# Upgrading a Ridgid Jointer/Planer to a Spiral Cutter-head



## curiousgeorge (Nov 6, 2006)

The attached PDF is for those who may be contemplating upgrading their planer/jointer to a spiral cutter. I am sorry that I neglected to take pictures during the process but I think it will be easy enough to follow without them.


----------



## Iceman567 (Apr 29, 2012)

For those of us with limited knowledge about a planer/jointer, what would the advantage be? Cost to upgrade? Thanks.


----------



## skiroy56 (Aug 7, 2011)

I updated my Jet to a Byrd segmented cutterhead and what a difference. The cuts are so much smoother and a lot less effort expended to make them. In the process of replacing the head on my Powermatic 15" planer.


----------



## Jaccok (Nov 14, 2011)

What ridgid planer do you have & what is the mfg. name & p/n of the new spiral planer head? I would like to see if I can put one on my ridgid planer.


----------



## curiousgeorge (Nov 6, 2006)

Jaccok said:


> What ridgid planer do you have & what is the mfg. name & p/n of the new spiral planer head? I would like to see if I can put one on my ridgid planer.

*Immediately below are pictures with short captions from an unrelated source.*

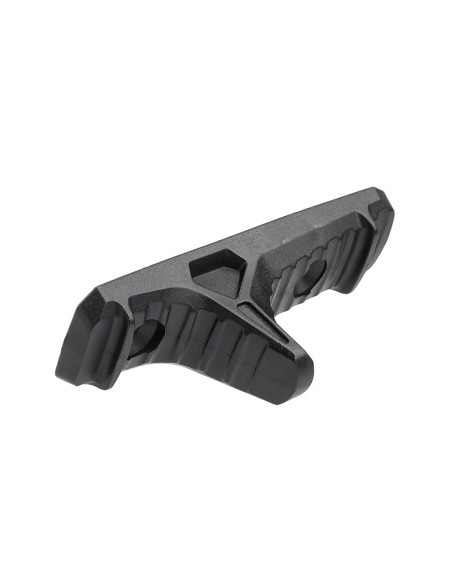POIGNEE HAND STOP M LOK NOIR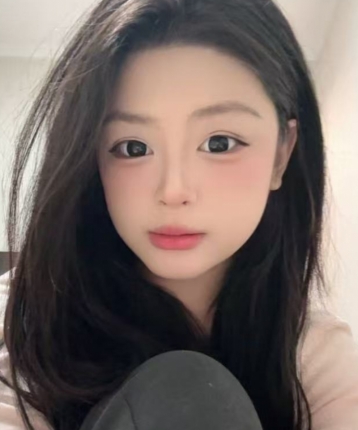 春呢的头像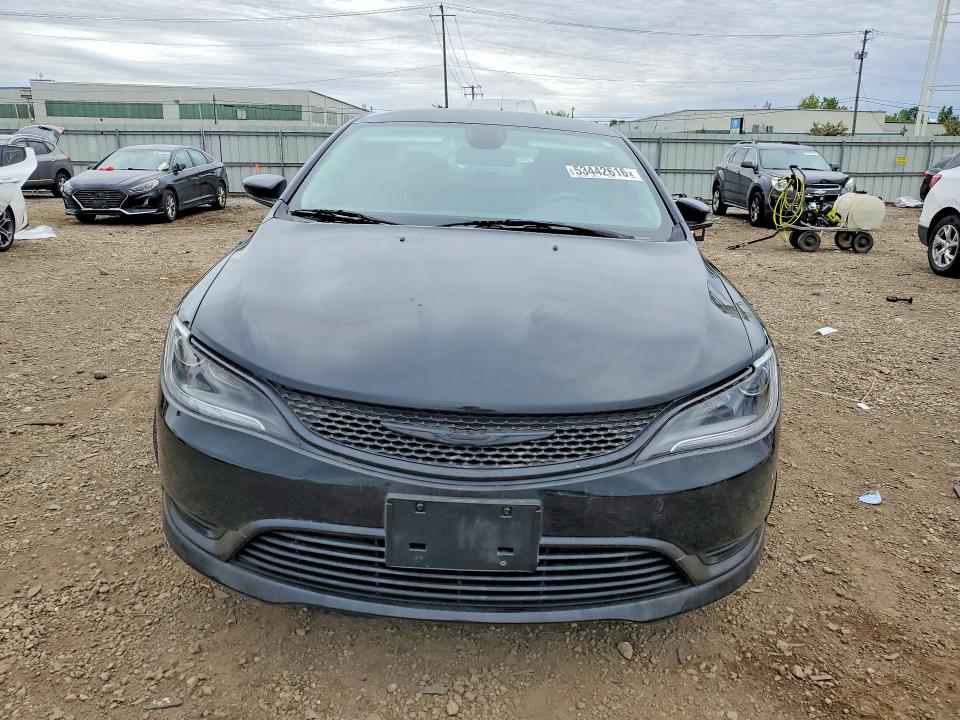 1C3CCCAB7FN655729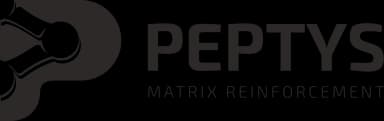 PEPTYS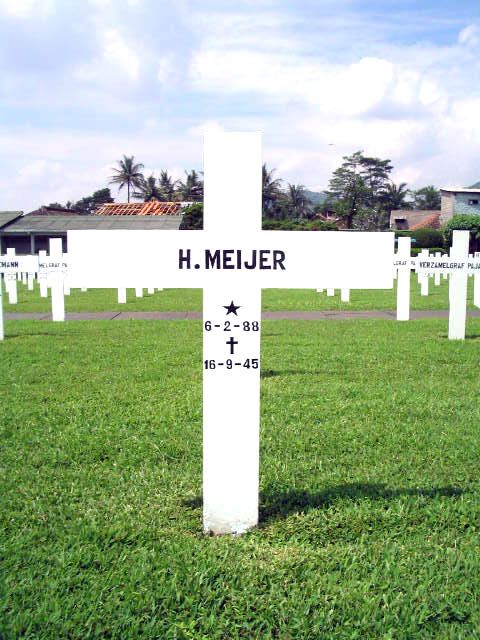 meijer.h.2005.jpg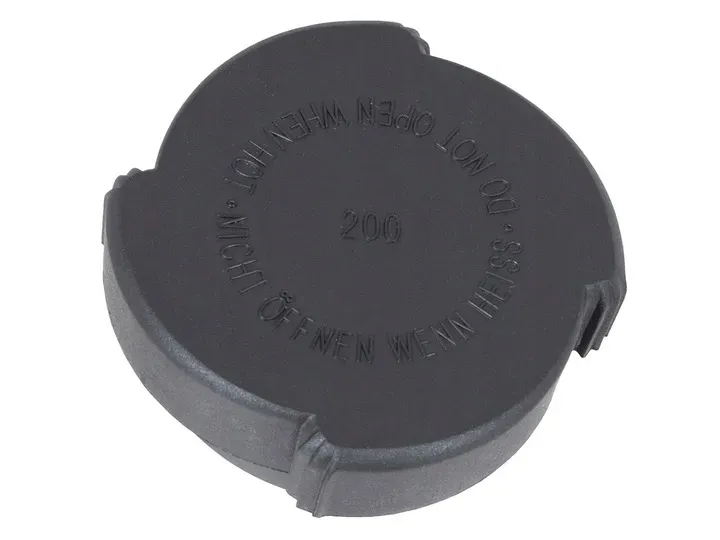 korek-chlodnicy-do-bmw-e30-e32-e34-e36-e38-e39-e46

Jack, just read the PDF. All the info you asked about is in there. Go to the Grizzly.com web site and it lists the machines the cutters will fit.


----------



## curiousgeorge (Nov 6, 2006)

Iceman567 said:


> For those of us with limited knowledge about a planer/jointer, what would the advantage be? Cost to upgrade? Thanks.


The cost depends on what planer/jointer you have and what brand you buy. In my case, with the 6" Ridgid, it was $250 total for the Byrd spiral cutter head. There are other brands available and the price varies. As for advantages... 1.Smoother cut. 2. Blades last maybe 10 times longer than straight blades. 3. Cheaper blade replacement cost. 4. Ease of blade replacement. 5. Machine actually runs quieter with spiral cutter. 6. Blades cut chips instead of small dust particles.
I'm sure there are probably more, but I haven't had mine long enough to tell yet.


----------



## rwl7532 (Sep 8, 2011)

curiousgeorge said:


> Jack, just read the PDF. All the info you asked about is in there. Go to the Grizzly.com web site and it lists the machines the cutters will fit.


H7764 - 6" Byrd Shelix Cutter-head from Grizzly.com
(from the above mentioned pdf)

H7764 6" Shelix Cutterhead

Grizzly.com® -- Online Catalog (page 48 with list of jointers)

I could not find the cross reference at grizzly.com that the catalog references.

$250 is a great price for this valuable upgrade.


----------



## Jaccok (Nov 14, 2011)

Thanks for the help George


----------